Which type of customers do you wanna attract with Gossamer?
Verena: I think we feel mostly on par at least in terms of who we wanna reach and who we are reaching with a couple of interesting exceptions. David sort of spoke to this earlier but we wanted to make sure, our audience, broadly speaking, are people who had a relationship with cannabis in some form or another but weren’t necessarily defined by it. Then the next layer beyond that is we’re thinking about what are the attributes of people who smoke weed and particularly within that, the people we wanted to reach. And we thought about an audience that was intellectually curious, very open-minded and culturally-aware. Because we’re talking about something that’s still stigmatized aggressively in the majority of the world, so [it’s also] people who sort of like understand what’s happening in the world and their place in it, what their personal decisions mean. We try to create a visual and editorial brand that played to that and again, that’s why we don’t focus so much on weed or green, but try to focus on art and travel and culture, and a visual language around that. Our audience is mostly that. It’s fairly urban, like New York, LA, San Francisco.
Verena: Yeah. I was gonna say we hoped it would be, but we are pleasantly surprised by how international it is. We are based in New York. We figured we’d have the majority American audience. But 20% of our readers are international, and probably about 75% of our contributors are international. That was also most important to us. Because if you get contributors from a wide variety, that includes countries they’re from, like socio-economic backgrounds, so you’re also gonna be bringing in an audience that comes with them.

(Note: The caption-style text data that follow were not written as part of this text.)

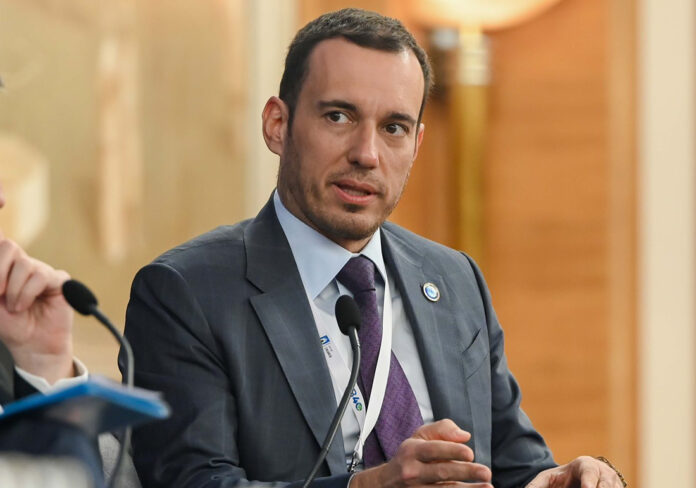 Васил Терзиев: Кризата със сметосъбирането е овладяна, разходите падат с 1,7 млн. лв.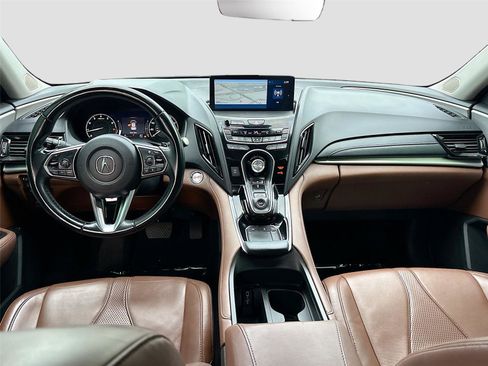 Used 2020 Acura RDX AWD w/ Technology Package image 24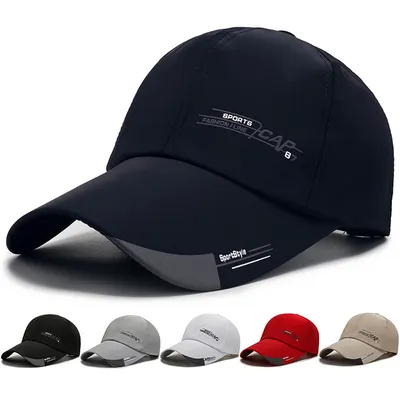 Unisex Baseball Cap Sports Cap Solid Color Sun Hat Casual Snapback Hat Fashion Outdoor Cotton Hip Hop Hats Unisex Baseball Cap Sports Cap Solid Color Sun Hat Casual Snapback Hat Fashion Outdoor Cotton Hip Hop Hats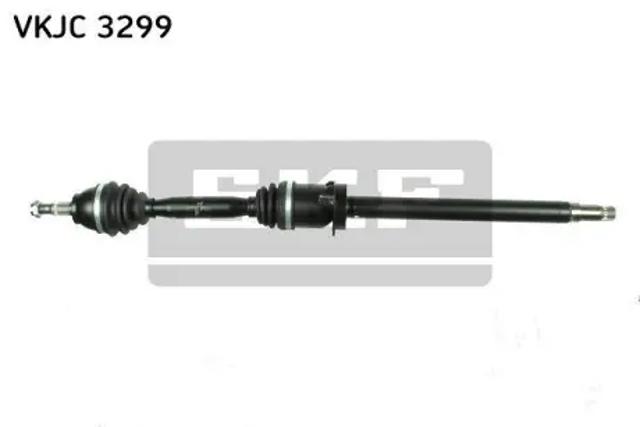 Привід передній правий VKJC3299 SKF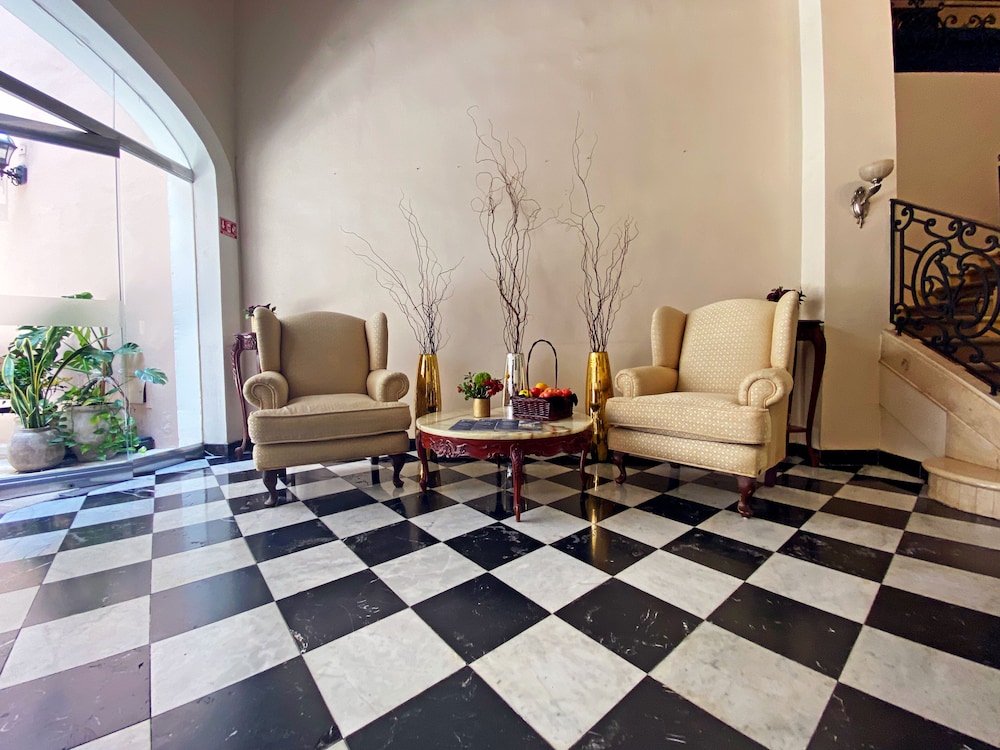 Casa Lucia Hotel Boutique 12/55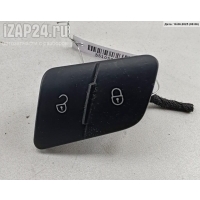 Кнопка центрального замка Volkswagen Passat B6 2006 3C0962125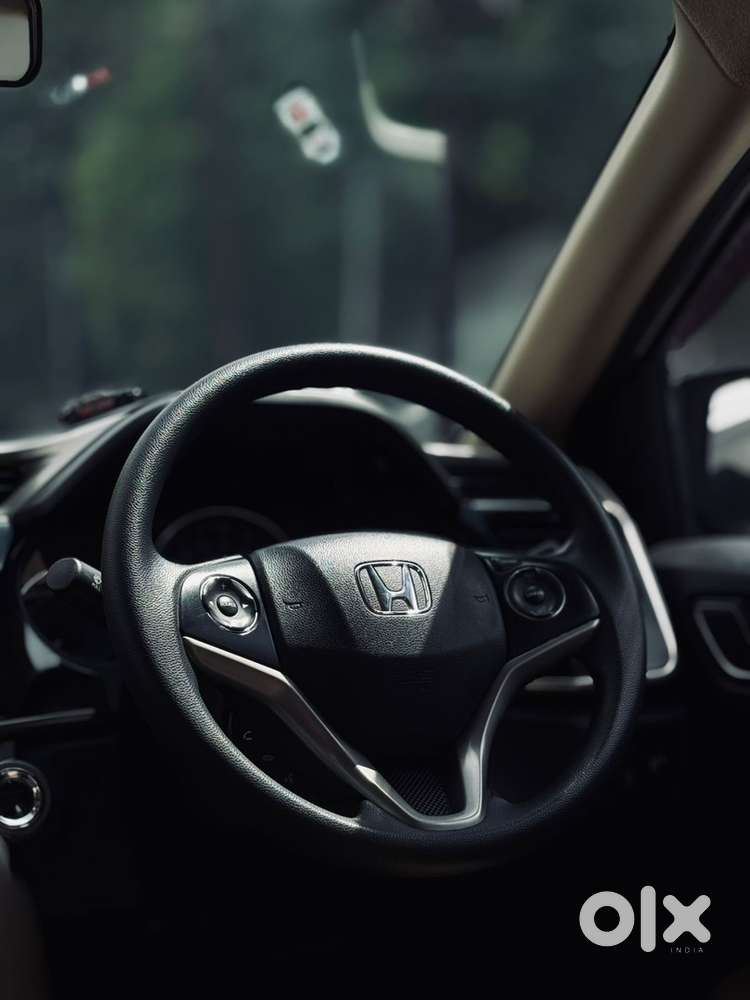 Honda City Petrol 2019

What, to you, is an outlier and his role in society?
David: When we started Gossamer, we became outliers. I don’t say that as a point of pride or anything. That’s just a fact. 3 years ago, when we started talking about doing something for people who consumed cannabis, and it was gonna be a print magazine and have these products and extensions, most people in our lives told us that we should probably do something else. Sometimes an outlier can be something that deviates from the norm. An outlier can be a negative thing obviously, and in the kind of thing where it’s like, “Oh, ignore that one. That’s not right.” But sometimes if you’re labeled an outlier or considered one, you have to just own it and kind of go deeper into it. We faced a fair amount of resistance from friends and foes as well. Years later, a lot of people are contributors or [they understand the] cannabis industry. The world’s completely changed.
Verena: I wish there was a lot less cheesy way to put this but like, I think we continued to try to do that within the cannabis space, too. I think it’s anyone who’s taking a broad view of what conventional wisdom for like a space that might be, sort of, say, “I wonder what would happen if I went over here instead of this way?” I think that can be really compelling because an outlier by definition, means you’re doing something unique. You’re doing something no one else is doing. People tend to wanna play it really safe and sometimes get scared to take those risks. I think there’s always a benefit from being different. It might not pay off right away, but I think anything that makes you stand out, there’s also probably someone else who aligns with that, and there’s probably someone who aligns with them, and it becomes a really organic way in building a community for allowing people to sort of find something that means something to them.